Given the utter lack of trust that major Celtic supporters’ groups have in the board, the culture of protest is alive and well.

In some respects, it’s a good thing; an institution as big as Celtic needs people holding the club to account at all times, and that shouldn’t stop. But what’s clear is the schism between a lot of supporters’ expectations of the club, and how it’s being run.

The Bernard Higgins situation is a clear example. That came about through hearsay and rumour, with the board – Nicholson included – refusing to speak to fans. The protests were righteous, brilliant and ultimately successful. But for a more holistic relationship and to ease tensions between camps, it’s important the club start getting this right.

The atmosphere of the AGM is something the club clearly want to avoid in the future. It was testy, combative and, for the board, a hard afternoon’s work. Celtic supporters don’t want to be angry.

Just improving the communication, allowing Celtic supporters the opportunity to be heard, and not giving stories oxygen and conjecture through silence is imperative.
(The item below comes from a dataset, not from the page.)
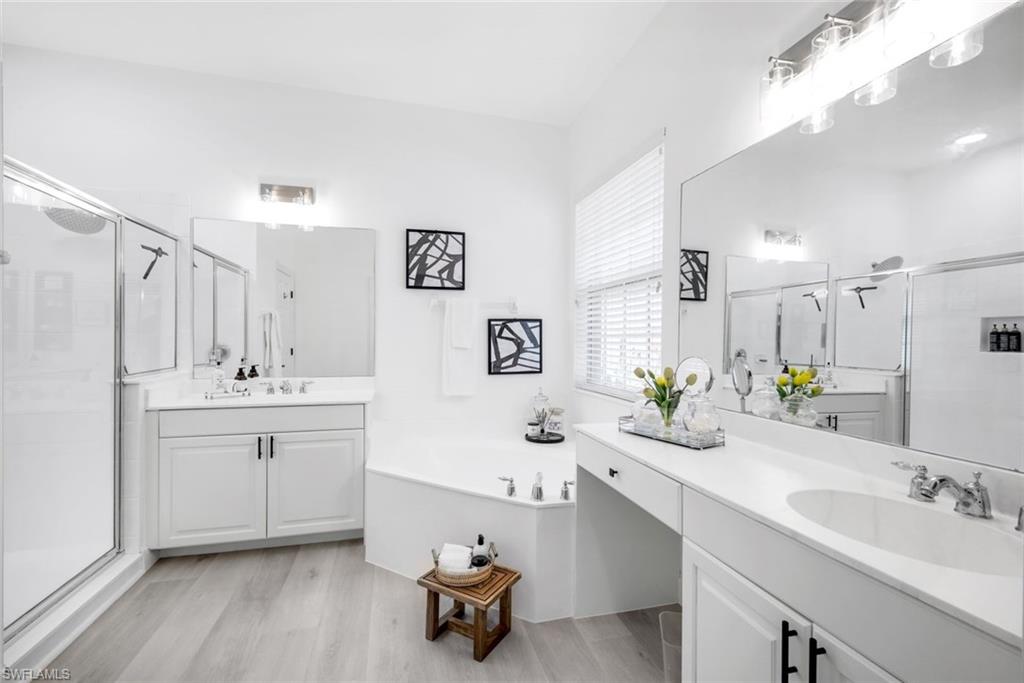 16188 Parque Lane Naples, FL 34110 - Photo 20 of 29 a bathroom with a double vanity sink mirror and bathtub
Photo by Ian MacNicol/Getty Images

Build for the future – in a literal sense

About a month ago, Celtic got the green light to extend the facilities at Barrowfield.
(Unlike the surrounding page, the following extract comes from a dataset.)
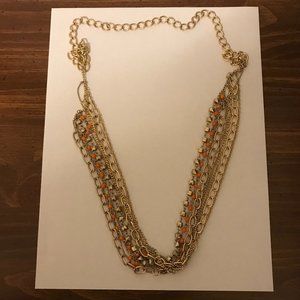 Long multi chain necklace in muted gold & orange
Now, that excited supporters. Infrastructure can sometimes be a boring subject, but when it comes to our football club, it’s a tangible sign of the club planning for the future. We could probably stand to do more, with Celtic using Airdrie’s Penny Cars Stadium for B Team and Women’s Team games.

Now, we’re not suggesting Celtic build a multi-million pound facility here. A Celtic Park II, of sorts. But it’d be great to have access to the B Team and Women’s Team within Glasgow, and would give attendances a massive lift. It’d also provide some further legitimacy for Celtic’s funding of the Women’s Team, who are Cup Winners in their own right, and competed in the Champions League qualifiers this season.

It’d be amazing. Obviously, it’s a lot to ask, but it’s just an example. We’re already seeing Celtic building from an infrastructure point of view, and it’s encouraging. Michael Nicholson, if he wants a legacy a la Peter Lawwell and Lennoxtown, needs to think big.